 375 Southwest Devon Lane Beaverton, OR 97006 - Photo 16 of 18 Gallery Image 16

+++

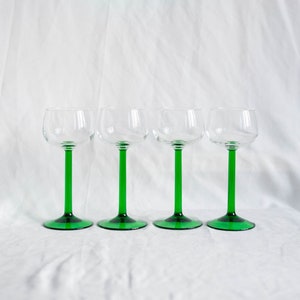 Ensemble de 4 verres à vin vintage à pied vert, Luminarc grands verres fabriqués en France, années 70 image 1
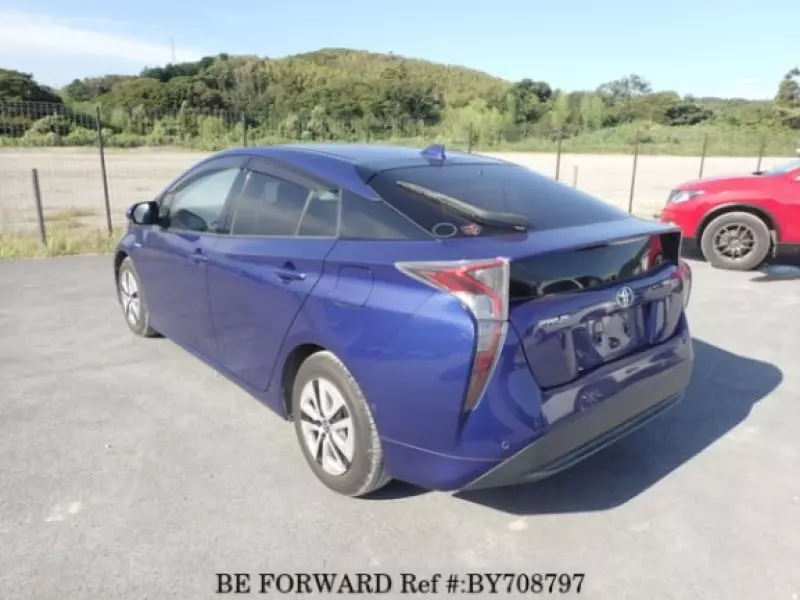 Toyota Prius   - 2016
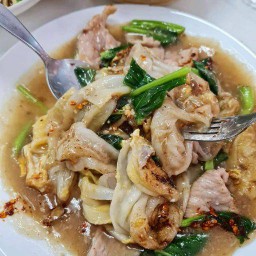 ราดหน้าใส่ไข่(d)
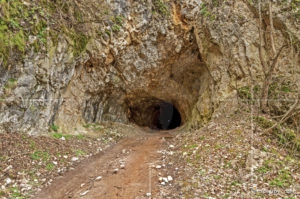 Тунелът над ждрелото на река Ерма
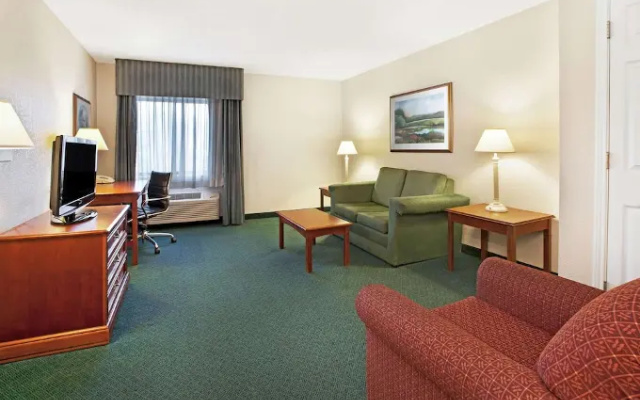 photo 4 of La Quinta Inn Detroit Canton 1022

+++

### What you need to do
Once the line with "Ensemble de 4" is found above, print it and every line after it through the line with "photo 4 of La Quinta Inn Detroit Canton 1022", exactly. Pictures stay out.

### The answer
 Ensemble de 4 verres à vin vintage à pied vert, Luminarc grands verres fabriqués en France, années 70 image 1
 Toyota Prius   - 2016
 ราดหน้าใส่ไข่(d)
 Тунелът над ждрелото на река Ерма
 photo 4 of La Quinta Inn Detroit Canton 1022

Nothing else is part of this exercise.